A Mazan, la parole des femmes se libère lors d'une marche pour Gisèle Pélicot
A Mazan samedi, les mots durs et résilients de femmes victimes de violences ont résonné dans la campagne provençale lors d'une marche en soutien à Gisèle Pélicot qui s'est transformée en exercice collectif de libération de la parole.
"On enlève les lunettes les filles, on n'est pas là pour se cacher", lance une manifestante, à la sortie de cette petite commune du Vaucluse où pendant des années, au domicile conjugal, Gisèle Pélicot a été droguée et violée par son mari et des dizaines d'inconnus.
Des faits pour lesquels son désormais ex-époux et 50 autres hommes sont jugés depuis le 2 septembre et jusqu'à mi-décembre à Avignon.
A 69 ans, Catherine Borel vit sa première "manif". "Ce procès est terrible, dur, mais cette femme a un courage formidable d'avoir réussi à se reconstruire. Il permettra une avancée. Moi j'ai été victime de choses il y a trente ans, et on n'y pouvait rien", raconte-t-elle calmement.
"On ne m'a pas crue" et "je me suis retrouvée avec mes deux gamines à partir par la fenêtre".
- "Je ne regarde plus mes pieds" -
En tête de cortège, Laetitia retire ses lunettes, regarde la caméra de l'AFPTV et avoue qu'elle va parler pour la première fois, ici. "Il y a beaucoup de gens dans ma famille qui ne savaient pas ce qui m'était arrivé.
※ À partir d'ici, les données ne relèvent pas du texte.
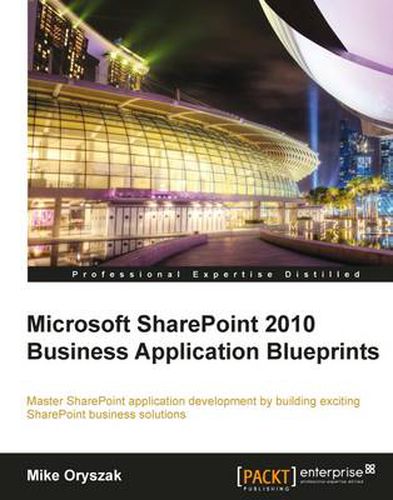 Cover image for Microsoft SharePoint 2010 Business Application Blueprints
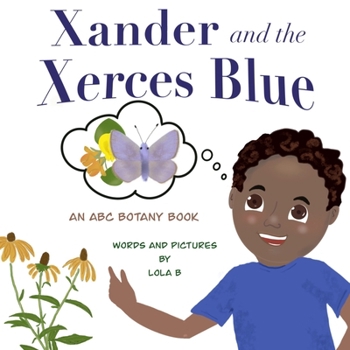 Paperback Xander and the Xerces Blue: An ABC Botany Book
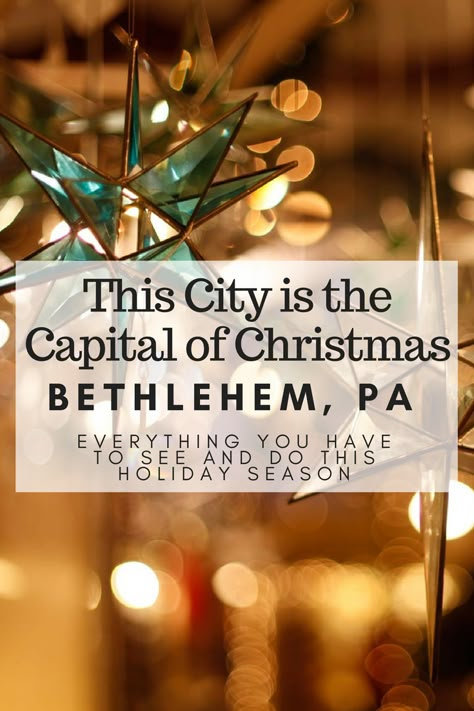 Bethlehem Pa Christmas, Oh Little Town Of Bethlehem, Christmas Vacation Destinations, Christmas Trips, Aka Christmas, Bethlehem Pennsylvania, Christmas Travel Destinations, Little Town Of Bethlehem, Christmas Towns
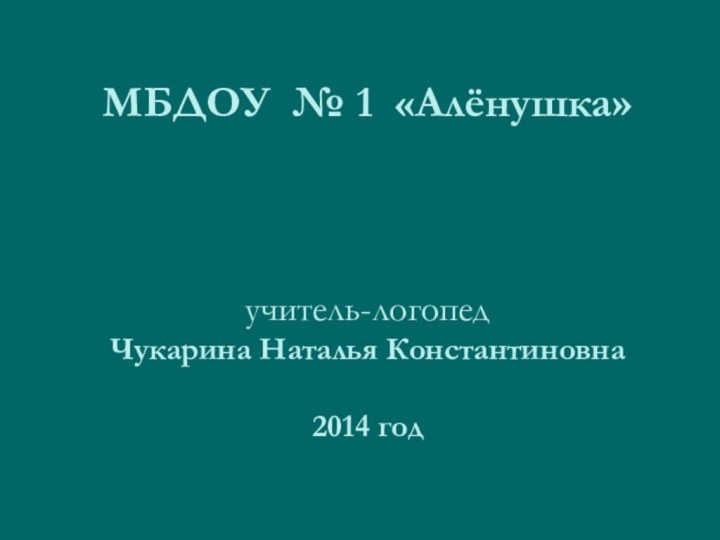 МБДОУ № 1 «Алёнушка»    учитель-логопед Чукарина Наталья Константиновна  2014 год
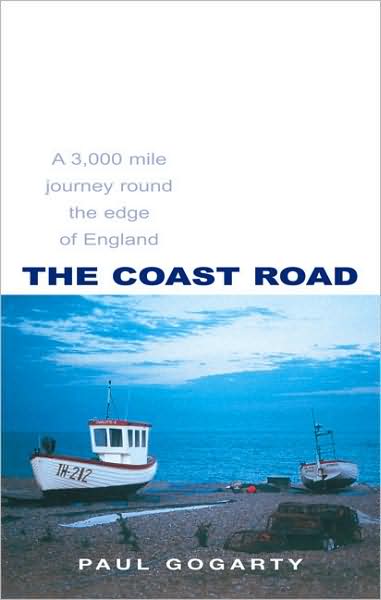 The Coast Road: A 3,000 Mile Journey Round the Edge of England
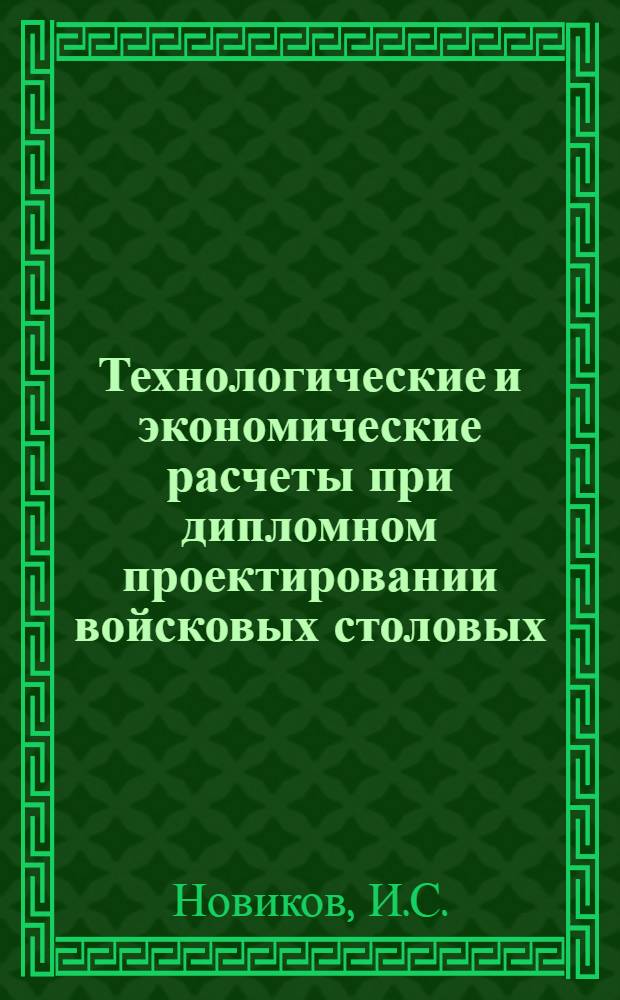 Технологические и экономические расчеты при дипломном проектировании войсковых столовых, хлебопекарен и хлебозаводов : Учеб. пособие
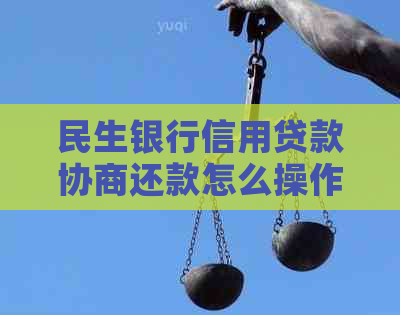 民生银行信用贷款协商还款怎么操作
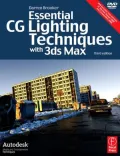 Essential CG Lighting Techniques with 3ds Max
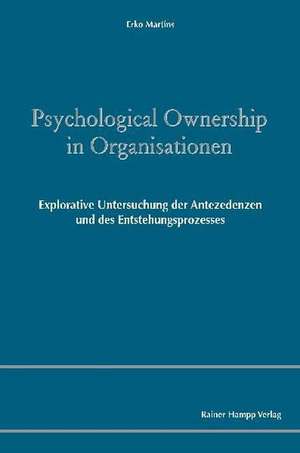 Psychological Ownership in Organisationen de Erko Martins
Il y avait eu des fausses couches, mais ils ne savaient pas pourquoi", glisse-t-elle dans un sourire qui avale ses larmes.
Ces femmes ouvrant la marche ont toutes été victimes de violences et apprennent à se reconstruire via l'équithérapie, au sein de l'association Isofaculté, à l'initiative de cet événement.
"Quand on monte sur notre cheval, on est haute, on se sent valorisée". Mais "le plus important, c'est apprendre à vivre sans la douleur": avant, "si je ne me créais pas du mal, je ne me sentais pas vivante", poursuit Laetitia.
Sur ce procès hors norme dit "des viols de Mazan", chacun a son avis, son ressenti.
"Ce n'est pas le procès de tous les hommes mais de certains hommes", glisse Josiane Dolce, qui n'est pas allée au tribunal, craignant sa réaction face aux vidéos désormais diffusées publiquement à l'audience. Elle redoute aussi une forme de "voyeurisme".
Francis, 73 ans, qui ne souhaite pas donner son nom de famille et vit dans le village voisin, attend de la sévérité car "il faut absolument que tout ça ne se reproduise jamais".
Il regrette qu'ici ce soit "un sujet tabou": "J'ai eu l'occasion d'en parler avec un ami, il m'a dit que ça ne l'intéressait pas. J'ai été choqué, j'ai décidé de ne plus lui parler au moins pendant 15 jours".
Pour Angelina Leroux, 39 ans, conseillère municipale à Mazan, c'est "super important de montrer à Madame Pélicot qu'on la soutient" et qu'"on n'est pas d'accord" avec les propos de certains. Une référence aux déclarations du maire qui avait estimé qu'"après tout, personne n'était mort" dans ce dossier, avant de s'excuser.
Arrivés aux écuries de Mazan après une heure à cheminer sur une petite route, les manifestants ont déposé leurs fleurs au pied d'un coeur en bois où était écrit "Amour, empathie, mieux vivre ensemble".
Une dame habillée en rose bonbon brandit le dessin du visage de Gisèle Pelicot devenu célèbre, avec l'affirmation "la honte change de camp".
Au micro, le président de l'association Isofaculté, Daniel Silvestre, explique que beaucoup des femmes qu'ils suivent n'ont pas eu le courage de venir. Mais celles qui sont là reconnaissent que "ça fait du bien de parler".
"Je vis de belles choses en ce moment, je n'ai plus peur, je me tiens droite, je ne regarde plus mes pieds et je mets même des chaussures de couleur", confie l'une d'entre elles.